**Data supplied**

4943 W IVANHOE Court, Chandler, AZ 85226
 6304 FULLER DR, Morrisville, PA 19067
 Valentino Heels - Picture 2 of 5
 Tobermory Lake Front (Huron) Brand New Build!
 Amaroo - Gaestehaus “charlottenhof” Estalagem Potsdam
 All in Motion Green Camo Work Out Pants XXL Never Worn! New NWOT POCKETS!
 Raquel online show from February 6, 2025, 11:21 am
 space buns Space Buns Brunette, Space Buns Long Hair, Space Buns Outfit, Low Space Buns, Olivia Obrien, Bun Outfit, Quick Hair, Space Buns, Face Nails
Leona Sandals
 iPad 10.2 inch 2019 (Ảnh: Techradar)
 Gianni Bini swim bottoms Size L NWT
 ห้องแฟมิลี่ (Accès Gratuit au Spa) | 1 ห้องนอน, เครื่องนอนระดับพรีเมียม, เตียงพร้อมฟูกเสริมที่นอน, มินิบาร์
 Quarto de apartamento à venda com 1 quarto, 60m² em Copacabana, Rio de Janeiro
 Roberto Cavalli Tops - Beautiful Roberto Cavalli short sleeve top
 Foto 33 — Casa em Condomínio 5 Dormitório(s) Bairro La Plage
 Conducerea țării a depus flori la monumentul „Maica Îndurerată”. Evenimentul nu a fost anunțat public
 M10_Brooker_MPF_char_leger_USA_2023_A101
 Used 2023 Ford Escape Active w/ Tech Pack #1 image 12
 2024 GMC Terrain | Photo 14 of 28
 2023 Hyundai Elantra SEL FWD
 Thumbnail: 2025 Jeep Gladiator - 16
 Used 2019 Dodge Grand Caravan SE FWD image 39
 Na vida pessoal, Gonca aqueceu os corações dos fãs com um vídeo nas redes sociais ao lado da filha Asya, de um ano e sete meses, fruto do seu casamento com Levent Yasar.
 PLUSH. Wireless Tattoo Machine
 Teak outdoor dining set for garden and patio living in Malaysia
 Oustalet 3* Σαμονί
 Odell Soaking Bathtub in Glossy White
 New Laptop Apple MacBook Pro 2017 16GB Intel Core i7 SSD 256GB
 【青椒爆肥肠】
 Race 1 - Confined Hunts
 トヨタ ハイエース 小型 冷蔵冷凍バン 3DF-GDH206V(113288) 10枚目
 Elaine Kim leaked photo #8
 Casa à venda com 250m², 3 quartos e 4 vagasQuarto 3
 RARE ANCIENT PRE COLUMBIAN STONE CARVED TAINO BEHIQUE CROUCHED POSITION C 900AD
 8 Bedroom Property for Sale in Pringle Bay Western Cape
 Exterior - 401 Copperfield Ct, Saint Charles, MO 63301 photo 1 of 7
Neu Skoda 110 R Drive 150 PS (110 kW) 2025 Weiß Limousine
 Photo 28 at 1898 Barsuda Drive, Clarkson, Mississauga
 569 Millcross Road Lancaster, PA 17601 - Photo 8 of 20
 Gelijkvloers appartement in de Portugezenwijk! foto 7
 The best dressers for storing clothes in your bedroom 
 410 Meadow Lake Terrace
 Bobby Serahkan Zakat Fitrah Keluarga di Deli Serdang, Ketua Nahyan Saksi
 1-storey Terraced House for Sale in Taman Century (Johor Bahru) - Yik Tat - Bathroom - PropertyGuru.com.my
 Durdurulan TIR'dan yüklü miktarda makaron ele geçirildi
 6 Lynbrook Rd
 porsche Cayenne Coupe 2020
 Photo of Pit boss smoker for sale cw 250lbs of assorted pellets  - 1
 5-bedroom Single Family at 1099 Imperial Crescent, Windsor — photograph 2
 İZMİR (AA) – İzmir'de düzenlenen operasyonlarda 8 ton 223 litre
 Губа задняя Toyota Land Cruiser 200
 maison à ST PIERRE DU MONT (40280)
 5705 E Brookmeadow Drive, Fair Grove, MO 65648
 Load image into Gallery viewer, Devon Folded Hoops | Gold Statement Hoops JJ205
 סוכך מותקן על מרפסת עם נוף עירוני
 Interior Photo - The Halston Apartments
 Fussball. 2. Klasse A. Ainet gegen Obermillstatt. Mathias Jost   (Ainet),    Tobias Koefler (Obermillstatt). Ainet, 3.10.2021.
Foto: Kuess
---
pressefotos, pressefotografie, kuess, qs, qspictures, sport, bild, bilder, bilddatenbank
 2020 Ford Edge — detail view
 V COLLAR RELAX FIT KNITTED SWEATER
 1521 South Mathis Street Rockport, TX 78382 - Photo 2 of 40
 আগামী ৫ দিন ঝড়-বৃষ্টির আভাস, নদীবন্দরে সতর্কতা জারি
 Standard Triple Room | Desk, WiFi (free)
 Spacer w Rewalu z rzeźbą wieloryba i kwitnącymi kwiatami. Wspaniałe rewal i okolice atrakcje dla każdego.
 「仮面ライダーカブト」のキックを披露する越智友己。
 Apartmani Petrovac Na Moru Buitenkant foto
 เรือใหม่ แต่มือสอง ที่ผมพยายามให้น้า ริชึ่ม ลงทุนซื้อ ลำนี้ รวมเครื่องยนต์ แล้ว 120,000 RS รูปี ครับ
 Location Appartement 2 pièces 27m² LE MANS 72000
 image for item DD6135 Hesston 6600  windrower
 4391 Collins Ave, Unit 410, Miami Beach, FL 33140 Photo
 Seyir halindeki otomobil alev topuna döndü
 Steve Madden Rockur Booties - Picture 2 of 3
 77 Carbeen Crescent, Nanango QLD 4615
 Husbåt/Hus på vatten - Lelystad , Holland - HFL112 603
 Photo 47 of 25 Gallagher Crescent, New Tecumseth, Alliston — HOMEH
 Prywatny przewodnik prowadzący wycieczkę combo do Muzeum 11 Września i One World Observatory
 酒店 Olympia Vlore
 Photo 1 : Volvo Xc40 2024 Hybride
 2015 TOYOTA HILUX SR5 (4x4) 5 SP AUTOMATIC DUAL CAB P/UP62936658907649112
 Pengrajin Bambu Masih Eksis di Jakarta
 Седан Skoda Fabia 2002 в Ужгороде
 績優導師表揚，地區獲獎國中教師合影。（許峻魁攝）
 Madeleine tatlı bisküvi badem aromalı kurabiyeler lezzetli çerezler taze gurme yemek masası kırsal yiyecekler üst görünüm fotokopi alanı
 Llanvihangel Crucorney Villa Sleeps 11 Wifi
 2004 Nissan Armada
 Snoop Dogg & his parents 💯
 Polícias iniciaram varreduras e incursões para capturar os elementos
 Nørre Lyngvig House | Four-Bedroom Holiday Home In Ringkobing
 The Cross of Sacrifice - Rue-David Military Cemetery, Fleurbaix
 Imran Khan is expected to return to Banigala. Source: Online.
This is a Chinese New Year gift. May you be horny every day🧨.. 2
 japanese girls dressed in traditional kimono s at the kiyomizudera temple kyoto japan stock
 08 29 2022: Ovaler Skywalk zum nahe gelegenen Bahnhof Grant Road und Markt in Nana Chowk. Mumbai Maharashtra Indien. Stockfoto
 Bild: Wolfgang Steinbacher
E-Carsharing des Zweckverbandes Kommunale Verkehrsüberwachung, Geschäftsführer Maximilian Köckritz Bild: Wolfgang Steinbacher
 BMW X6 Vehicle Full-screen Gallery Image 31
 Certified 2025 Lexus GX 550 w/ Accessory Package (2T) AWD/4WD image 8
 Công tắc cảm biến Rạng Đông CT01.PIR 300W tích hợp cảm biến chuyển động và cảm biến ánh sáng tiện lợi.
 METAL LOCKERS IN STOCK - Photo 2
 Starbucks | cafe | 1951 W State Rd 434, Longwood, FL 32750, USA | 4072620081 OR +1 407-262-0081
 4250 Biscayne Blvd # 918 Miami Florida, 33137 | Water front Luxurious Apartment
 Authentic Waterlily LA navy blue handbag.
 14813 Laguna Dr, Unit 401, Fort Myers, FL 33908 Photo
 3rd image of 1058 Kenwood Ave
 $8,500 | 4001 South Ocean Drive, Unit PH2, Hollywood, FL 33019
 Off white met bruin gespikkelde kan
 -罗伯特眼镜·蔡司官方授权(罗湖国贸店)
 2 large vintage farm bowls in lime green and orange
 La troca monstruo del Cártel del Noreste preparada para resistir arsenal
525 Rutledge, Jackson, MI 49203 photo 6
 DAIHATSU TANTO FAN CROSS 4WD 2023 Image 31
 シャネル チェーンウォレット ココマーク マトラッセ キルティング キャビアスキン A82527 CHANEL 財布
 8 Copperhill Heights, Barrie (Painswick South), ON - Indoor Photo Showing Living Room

**Activity**
Among the entries above, the lines between the ones containing "Quarto de apartamento" and "Thumbnail: 2025 Jeep Gladiator - 16", inclusive, are to be transcribed exactly. No other line is to be given.

**The completed task**
 Quarto de apartamento à venda com 1 quarto, 60m² em Copacabana, Rio de Janeiro
 Roberto Cavalli Tops - Beautiful Roberto Cavalli short sleeve top
 Foto 33 — Casa em Condomínio 5 Dormitório(s) Bairro La Plage
 Conducerea țării a depus flori la monumentul „Maica Îndurerată”. Evenimentul nu a fost anunțat public
 M10_Brooker_MPF_char_leger_USA_2023_A101
 Used 2023 Ford Escape Active w/ Tech Pack #1 image 12
 2024 GMC Terrain | Photo 14 of 28
 2023 Hyundai Elantra SEL FWD
 Thumbnail: 2025 Jeep Gladiator - 16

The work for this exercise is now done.